Heimischen Bäumen wie der Fichte wird es zu warm und zu trocken. (Foto: dpa)
Landes-Korrespondentin

Das Wetter verändert sich im Südwesten – und macht der Natur mehr und mehr zu schaffen. „Baden-Württemberg ist vom Klimawandel schon heute konkret betroffen“, hatte Umweltminister Franz Untersteller (Grüne) jüngst gesagt, als er erstmals einen Monitoring-Bericht zum Klimaschutzgesetz des Landes vorgestellt hat. Vor allem der Wald gerate unter Druck. Um ihn klimafest zu machen, laufen bereits Aktionen. Waldbesitzer fordern von der Politik allerdings mehr finanzielle Unterstützung beim Umbau – und ein Umdenken bei den Förderrichtlinien.

Heimischen Bäumen wie der Fichte wird es zu warm und zu trocken. Sie geraten unter Stress, werden anfälliger für Schädlinge wie den Borkenkäfer. Und wenn die Trockenheit zu lange anhält, die Pegel zu stark absinken, kommen ihre flachen Wurzeln nicht mehr an nötiges Wasser ran. Genau das macht Waldbesitzern Sorgen, vor allem dann, wenn Umweltminister Untersteller wie jüngst sagt: „Wir haben in diesem Jahr historisch niedrige Grundwasserpegel.“

„30 Jahre umsonst geschafft“

Die Auswirkungen daraus hat Hubert Kucher selbst erlebt. Der Vorsitzende des Kreisverbands Ostalb des Landesbauernverbands musste im vergangenen Jahr einen halben Hek-tar Fichten schlagen. Die Bäume waren erst gut 25 Jahre alt. Gefällt werden sie normalerweise erst nach 80 bis 100 Jahren. „Die Bäume waren für nichts anderes zu gebrauchen als für Brennholz. Man hat 30 Jahre fast umsonst geschafft“, sagt Kucher. Vielen Waldbesitzern falle das Umdenken schwer, denn „die Fichte ist bei uns der Brotbaum.“ Deshalb fordert Kucher von der Politik, die Waldbesitzer stärker zu fördern, wenn sie ihre Bestände klimafest umbauen. Die Forderung von Kucher: 200 bis 300 Euro pro Hektar sollte das Land den Waldbesitzern zahlen, wenn diese von der Fichte auf zukunftsträchtigere Baumarten umsteigen.

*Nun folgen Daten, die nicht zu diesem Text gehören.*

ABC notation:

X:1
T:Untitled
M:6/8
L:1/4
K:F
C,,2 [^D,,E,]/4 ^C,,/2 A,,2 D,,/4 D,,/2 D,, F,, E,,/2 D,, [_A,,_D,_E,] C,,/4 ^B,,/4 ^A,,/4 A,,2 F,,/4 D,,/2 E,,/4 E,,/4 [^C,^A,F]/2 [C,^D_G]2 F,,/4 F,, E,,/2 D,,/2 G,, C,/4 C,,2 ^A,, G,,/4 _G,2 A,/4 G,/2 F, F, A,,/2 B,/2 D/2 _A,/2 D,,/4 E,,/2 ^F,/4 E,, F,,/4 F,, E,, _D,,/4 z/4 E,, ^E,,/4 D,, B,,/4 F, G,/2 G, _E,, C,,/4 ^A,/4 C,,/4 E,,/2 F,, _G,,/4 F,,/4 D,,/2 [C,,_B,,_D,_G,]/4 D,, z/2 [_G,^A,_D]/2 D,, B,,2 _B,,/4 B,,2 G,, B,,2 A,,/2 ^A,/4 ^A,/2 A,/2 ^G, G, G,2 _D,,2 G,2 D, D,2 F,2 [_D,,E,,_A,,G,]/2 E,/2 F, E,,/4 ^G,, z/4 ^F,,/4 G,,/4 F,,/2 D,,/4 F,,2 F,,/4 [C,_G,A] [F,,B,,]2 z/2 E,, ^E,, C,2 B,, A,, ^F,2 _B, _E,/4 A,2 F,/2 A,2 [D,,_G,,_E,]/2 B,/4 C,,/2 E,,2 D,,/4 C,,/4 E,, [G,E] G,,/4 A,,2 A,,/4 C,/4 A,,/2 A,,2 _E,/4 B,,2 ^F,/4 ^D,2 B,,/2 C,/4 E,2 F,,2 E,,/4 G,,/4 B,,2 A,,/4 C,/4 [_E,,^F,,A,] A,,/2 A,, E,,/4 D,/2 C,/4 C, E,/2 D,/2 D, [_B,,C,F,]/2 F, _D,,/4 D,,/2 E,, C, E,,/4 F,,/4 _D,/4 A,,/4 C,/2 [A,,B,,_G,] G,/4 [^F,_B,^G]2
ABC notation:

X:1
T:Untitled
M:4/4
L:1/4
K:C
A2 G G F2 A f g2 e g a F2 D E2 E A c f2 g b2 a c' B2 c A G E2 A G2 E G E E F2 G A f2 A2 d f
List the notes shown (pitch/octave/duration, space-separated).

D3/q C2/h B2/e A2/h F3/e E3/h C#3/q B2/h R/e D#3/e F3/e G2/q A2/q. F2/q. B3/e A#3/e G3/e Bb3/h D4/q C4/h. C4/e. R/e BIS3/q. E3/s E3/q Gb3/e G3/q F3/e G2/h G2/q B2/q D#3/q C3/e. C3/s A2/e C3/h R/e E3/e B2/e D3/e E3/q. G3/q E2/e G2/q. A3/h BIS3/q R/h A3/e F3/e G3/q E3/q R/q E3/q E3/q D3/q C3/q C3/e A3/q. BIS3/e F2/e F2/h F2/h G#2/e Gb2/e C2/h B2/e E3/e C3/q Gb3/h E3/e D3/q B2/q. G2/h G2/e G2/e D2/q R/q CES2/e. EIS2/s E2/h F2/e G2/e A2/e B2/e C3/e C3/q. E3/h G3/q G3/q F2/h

Dafür sieht Landwirtschaftsminister Peter Hauk (CDU) aber keinen Anlass. „Mit unserem Konzept der naturnahen Waldwirtschaft, das in erster Linie auf Mischwälder setzt, stärken wir die Stabilität unserer Waldbestände nachhaltig.“ Und hierfür gebe es bereits eine Vielzahl an Förderungen. Ein Ministeriumssprecher betont: „Schon jetzt wird der Umbau gefördert. Die Förderung ist angemessen“ – Geld fließe für den Umbau hin zu Mischwäldern, außerdem biete die Forstverwaltung Beratungs- und Betreuungsangebote für die Waldbesitzer.

„Die Wälder sind träge“, sagt Jerg Hilt, Geschäftsführer der Forstkammer in Stuttgart, die die Privatwaldbesitzer vertritt. „Sie kommen mit dem Wandel nicht mit. Wir müssen ihn stabiler machen.“ Klimagerechte Bäume würden zwar schon gefördert. Er fordert aber, die Liste der geförderten Baumarten zu erweitern und nicht so sehr auf Laubbäume zu setzen. Das Land bezuschusse Nachpflanzungen mit 1,10 Euro pro Pflanze in einem Mischwald. Bei reinen Laubwäldern seien es 1,40 Euro pro Pflanze. „Man ist bei der Nachrüstung immer noch stark auf Laubholz konzentriert“, beklagt Hilt. Dabei machten Laubbäumen in Privatwäldern bereits mehr als 50 Prozent aus, wie er sagt. „Deshalb ist die Bevorzugung nicht mehr gerechtfertigt.“ Zumal Laubbäume auch Probleme hätten. So etwa die Esche, die als Hoffnungsträger galt, bis ein Pilz ein großes Eschensterben ausgelöst hatte. Die Entwicklung gehe zwar weg von der Fichte, dennoch müssten Nadelhölzer erhalten bleiben. Die Douglasie sei ein möglicher Ersatz. „Wir müssen aber auch bereit sein, über neue Baumarten nachzudenken wie über die Küstentanne“, so Hilt.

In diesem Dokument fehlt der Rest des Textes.